+++ Exercise data

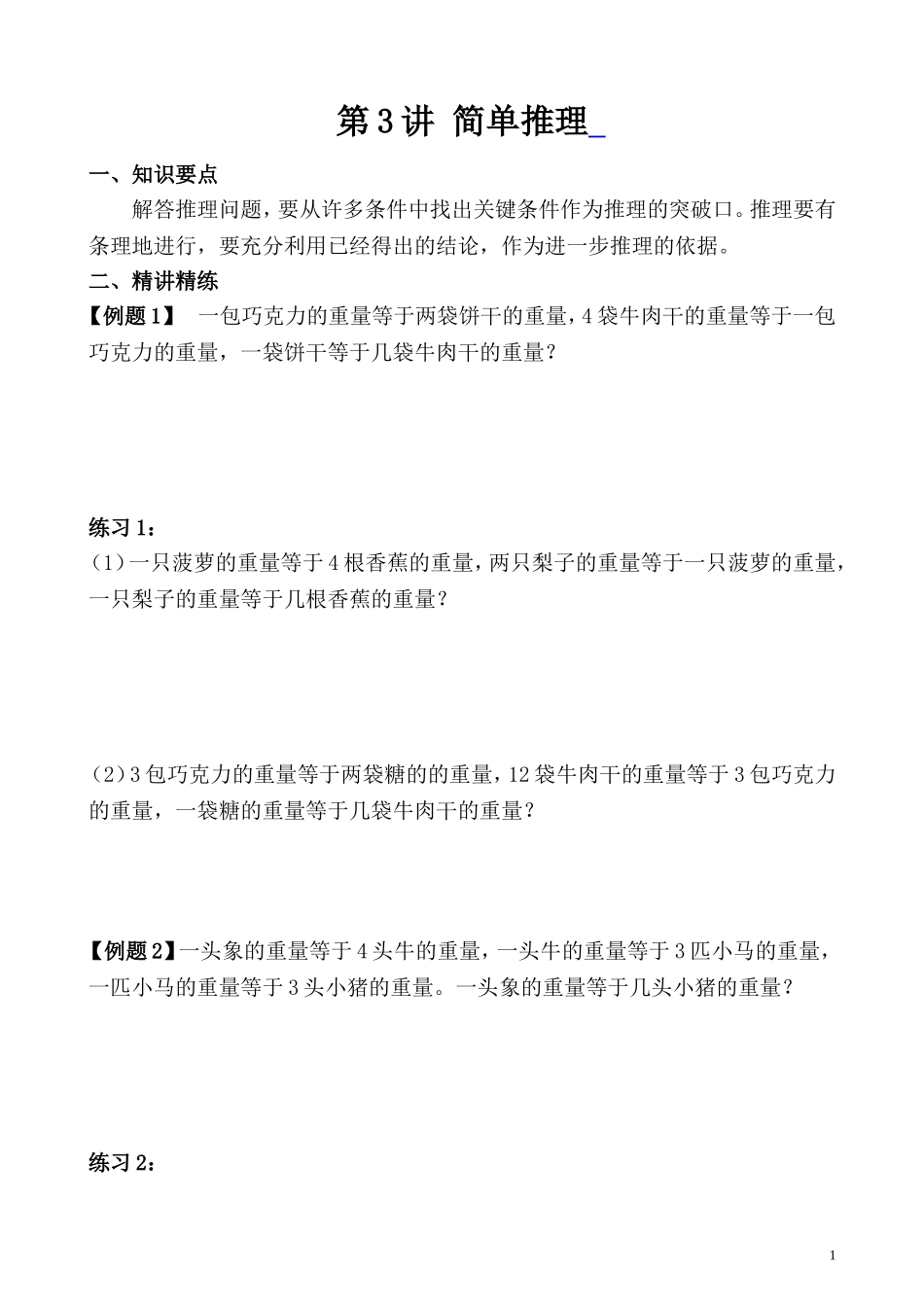 第3讲 简单推理.doc_第1页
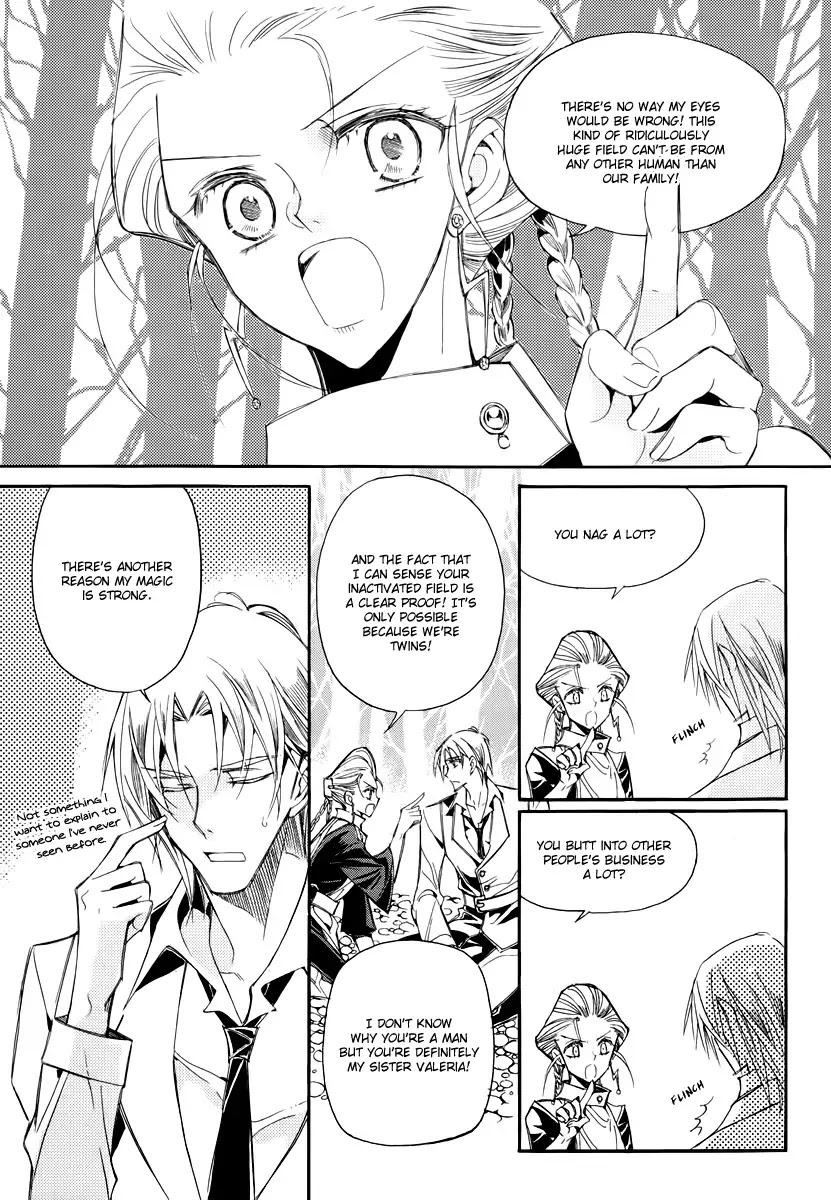 Ciel~the Last Autumn Story~ Chapter 20.2 page 2 - Chapter 20.2: A Precious Goblet and A Precious Sword (2)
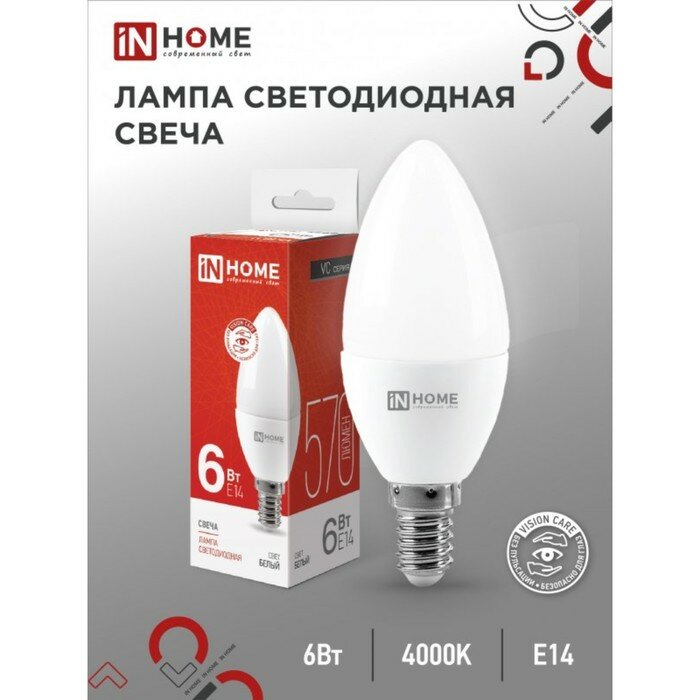 INhome Лампа светодиодная IN HOME LED-СВЕЧА-VC, Е14, 6 Вт, 230 В, 4000 К, 570 Лм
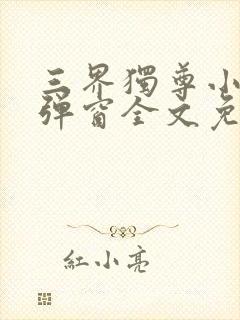 三界独尊小说无弹窗全文免费阅读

++++++

> **Work to complete**: Omit every picture while printing the data word for word.

> **Output for this exercise**:
 第3讲 简单推理.doc_第1页
 Ciel~the Last Autumn Story~ Chapter 20.2 page 2 - Chapter 20.2: A Precious Goblet and A Precious Sword (2)
 INhome Лампа светодиодная IN HOME LED-СВЕЧА-VC, Е14, 6 Вт, 230 В, 4000 К, 570 Лм
 三界独尊小说无弹窗全文免费阅读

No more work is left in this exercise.